• _EXERCISE DATA_
═══

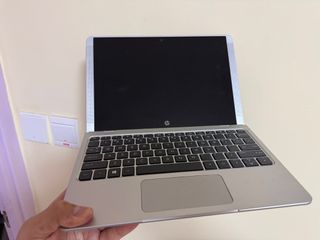 （分類：）位於 。 由 faifai_1774 提交（商品編號 1382493709，圖片 1）。簡介： 。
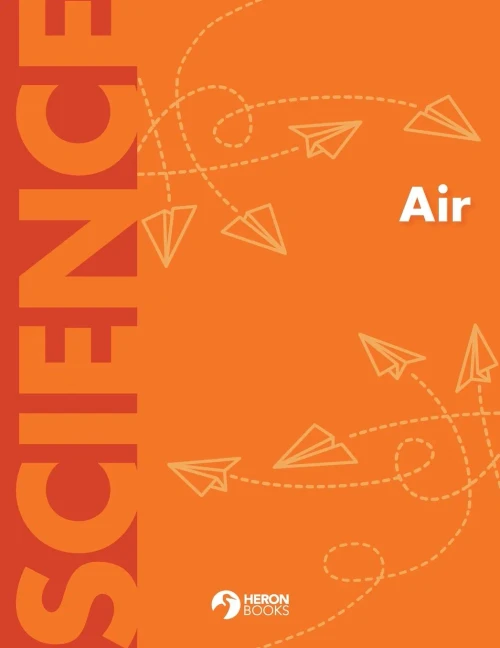 Air
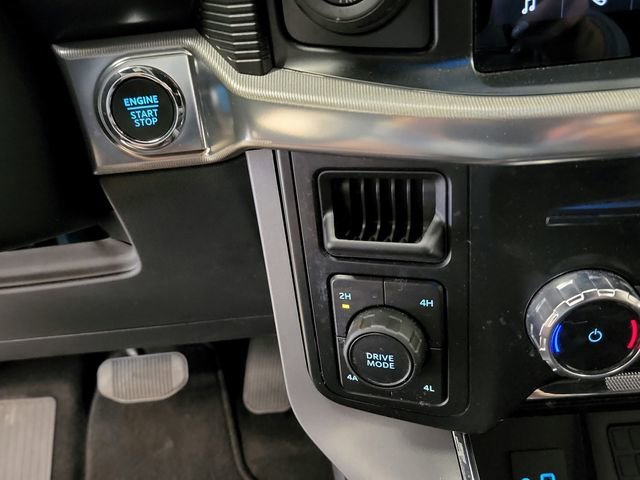 2024 Ford F-150 Lariat - Photo 52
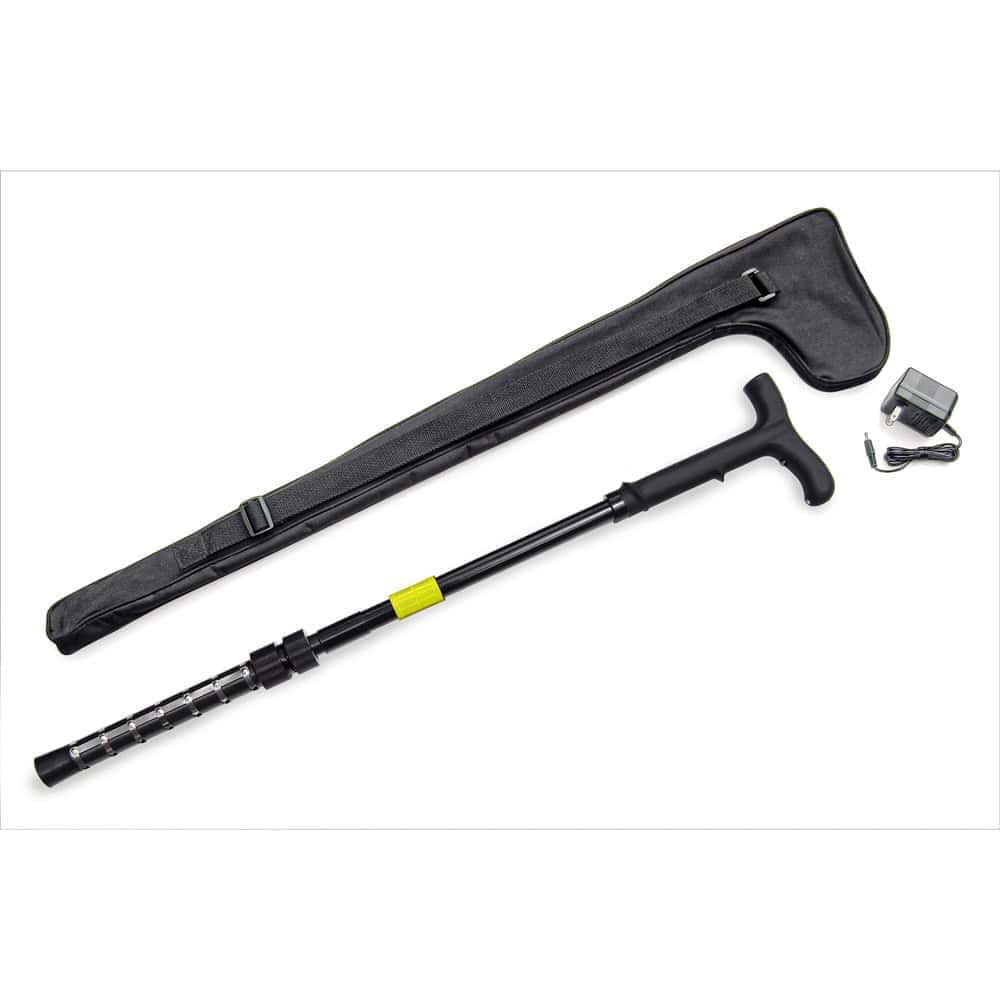 ZAPCANE_ajpg | Stun Guns New York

═══

• _DIRECTIONS FOR THIS TASK_
Make an exact copy of the whole listing, but don't bring over any pictures.

• _WORKED SOLUTION_
 （分類：）位於 。 由 faifai_1774 提交（商品編號 1382493709，圖片 1）。簡介： 。
 Air
 2024 Ford F-150 Lariat - Photo 52
 ZAPCANE_ajpg | Stun Guns New York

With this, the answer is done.